Taping the joints outside

My goal for this session of work is to tape the outside joints with fiberglass and do as much of the epoxy work as possible wet on wet.  I probably didn't say so earlier in this blog, but my real purpose in building this canoe is to learn for building a bigger boat.  Having a canoe at the end is a fringe benefit.

Yesterday I prepared for today's work.  I sanded the outside so that all of the epoxy was scuffed and new epoxy would adhere.  I rounded the joints outside to about a 1/2" radius with a belt sander.  After rounding the edges, I noticed several holes in the core of a couple of panels.

I had seen few voids from the cut edges, so I investigated closely.  I discovered tht I could push my thumb nail throught the veneer at these holes, across the panel, all of the way to the other edge.  I have to fill these to prevent rotting, so I got out the Dremel and looked for discolored lines or snall voids at the edges.  I routed through the veneer and first layer of the core.  I will fill the slots with epoxy putty, and cover with fiberglass tape to replace the lost strength.

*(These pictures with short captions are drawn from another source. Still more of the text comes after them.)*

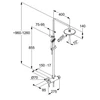 Kép 2/2 - KLUDI LOGO DUAL SHOWER SYSTEM csapteleppel 6808505-00WR6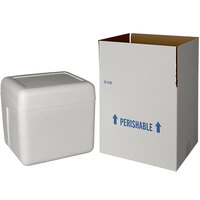 Insulated Shipping Box with Foam Cooler 12" x 10 1/2" x 11 5/8" - 1 1/2" Thick - 27/Pallet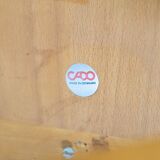 Dining table in light wood designed by Poul Cadovius and manufactured by Cado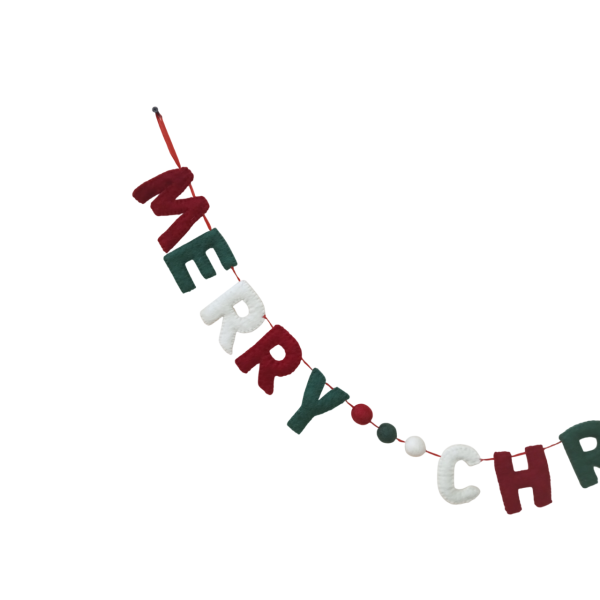 Nepalese Hand-Felted Christmas Hanging Garland - Image 4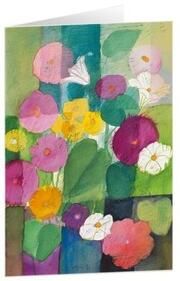 Kunstkarten 'Frühlingsfarben' 5 Stk.  4250454727312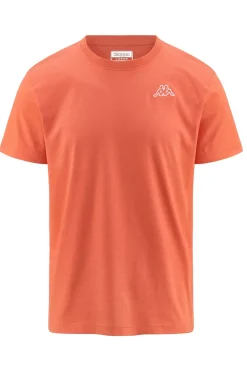 T-shirt girocollo con logo Kappa sul petto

Last, I laid out and cut the fiberglass tape.  Each piece was rolled like a scroll from each end to the middle, to make it easier to lay out, just line up in the center, and roll.  I laid them out, labeled.



I started early doing the outside joints.   The steps - prime the wood, fill the joints to make them smooth, and apply fiberglass tape.  Priming the wood is easy enough.  I used a foam roller.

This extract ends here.